[[ DATASET CONTENT open ]]

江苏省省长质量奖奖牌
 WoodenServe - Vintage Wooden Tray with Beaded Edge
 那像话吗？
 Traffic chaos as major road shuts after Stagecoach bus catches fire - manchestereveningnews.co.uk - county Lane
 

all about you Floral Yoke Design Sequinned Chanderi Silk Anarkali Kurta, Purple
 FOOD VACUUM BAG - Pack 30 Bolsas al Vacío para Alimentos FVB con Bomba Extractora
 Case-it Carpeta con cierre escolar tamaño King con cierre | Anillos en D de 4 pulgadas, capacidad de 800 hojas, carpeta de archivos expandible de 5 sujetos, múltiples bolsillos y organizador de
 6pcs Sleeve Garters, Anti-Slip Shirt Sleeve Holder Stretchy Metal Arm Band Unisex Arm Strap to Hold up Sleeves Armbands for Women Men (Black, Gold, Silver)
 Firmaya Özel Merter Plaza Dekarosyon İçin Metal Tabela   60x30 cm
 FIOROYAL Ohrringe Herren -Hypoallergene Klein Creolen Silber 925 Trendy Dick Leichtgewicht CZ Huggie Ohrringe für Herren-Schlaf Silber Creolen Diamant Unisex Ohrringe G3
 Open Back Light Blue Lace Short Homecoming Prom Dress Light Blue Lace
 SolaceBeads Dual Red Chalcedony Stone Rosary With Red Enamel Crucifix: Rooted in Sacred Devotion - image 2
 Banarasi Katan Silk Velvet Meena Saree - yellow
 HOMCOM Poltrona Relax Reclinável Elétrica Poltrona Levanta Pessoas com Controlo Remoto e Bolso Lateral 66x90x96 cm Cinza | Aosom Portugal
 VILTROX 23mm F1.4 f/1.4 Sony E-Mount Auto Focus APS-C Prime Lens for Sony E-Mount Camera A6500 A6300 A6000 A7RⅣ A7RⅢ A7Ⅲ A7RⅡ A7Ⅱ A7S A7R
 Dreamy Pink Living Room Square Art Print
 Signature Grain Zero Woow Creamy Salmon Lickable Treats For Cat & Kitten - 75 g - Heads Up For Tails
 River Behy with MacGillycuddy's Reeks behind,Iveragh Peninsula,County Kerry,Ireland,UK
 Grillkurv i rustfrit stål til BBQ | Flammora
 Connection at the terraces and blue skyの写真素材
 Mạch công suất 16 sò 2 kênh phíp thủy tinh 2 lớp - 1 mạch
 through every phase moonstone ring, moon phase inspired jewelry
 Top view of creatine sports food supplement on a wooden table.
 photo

[[ DATASET CONTENT closed ]]

§ **WHAT THE TASK ASKS**
Would you please repeat the entire listing above exactly?

§ **FINISHED TASK**
江苏省省长质量奖奖牌
 WoodenServe - Vintage Wooden Tray with Beaded Edge
 那像话吗？
 Traffic chaos as major road shuts after Stagecoach bus catches fire - manchestereveningnews.co.uk - county Lane
 

all about you Floral Yoke Design Sequinned Chanderi Silk Anarkali Kurta, Purple
 FOOD VACUUM BAG - Pack 30 Bolsas al Vacío para Alimentos FVB con Bomba Extractora
 Case-it Carpeta con cierre escolar tamaño King con cierre | Anillos en D de 4 pulgadas, capacidad de 800 hojas, carpeta de archivos expandible de 5 sujetos, múltiples bolsillos y organizador de
 6pcs Sleeve Garters, Anti-Slip Shirt Sleeve Holder Stretchy Metal Arm Band Unisex Arm Strap to Hold up Sleeves Armbands for Women Men (Black, Gold, Silver)
 Firmaya Özel Merter Plaza Dekarosyon İçin Metal Tabela   60x30 cm
 FIOROYAL Ohrringe Herren -Hypoallergene Klein Creolen Silber 925 Trendy Dick Leichtgewicht CZ Huggie Ohrringe für Herren-Schlaf Silber Creolen Diamant Unisex Ohrringe G3
 Open Back Light Blue Lace Short Homecoming Prom Dress Light Blue Lace
 SolaceBeads Dual Red Chalcedony Stone Rosary With Red Enamel Crucifix: Rooted in Sacred Devotion - image 2
 Banarasi Katan Silk Velvet Meena Saree - yellow
 HOMCOM Poltrona Relax Reclinável Elétrica Poltrona Levanta Pessoas com Controlo Remoto e Bolso Lateral 66x90x96 cm Cinza | Aosom Portugal
 VILTROX 23mm F1.4 f/1.4 Sony E-Mount Auto Focus APS-C Prime Lens for Sony E-Mount Camera A6500 A6300 A6000 A7RⅣ A7RⅢ A7Ⅲ A7RⅡ A7Ⅱ A7S A7R
 Dreamy Pink Living Room Square Art Print
 Signature Grain Zero Woow Creamy Salmon Lickable Treats For Cat & Kitten - 75 g - Heads Up For Tails
 River Behy with MacGillycuddy's Reeks behind,Iveragh Peninsula,County Kerry,Ireland,UK
 Grillkurv i rustfrit stål til BBQ | Flammora
 Connection at the terraces and blue skyの写真素材
 Mạch công suất 16 sò 2 kênh phíp thủy tinh 2 lớp - 1 mạch
 through every phase moonstone ring, moon phase inspired jewelry
 Top view of creatine sports food supplement on a wooden table.
 photo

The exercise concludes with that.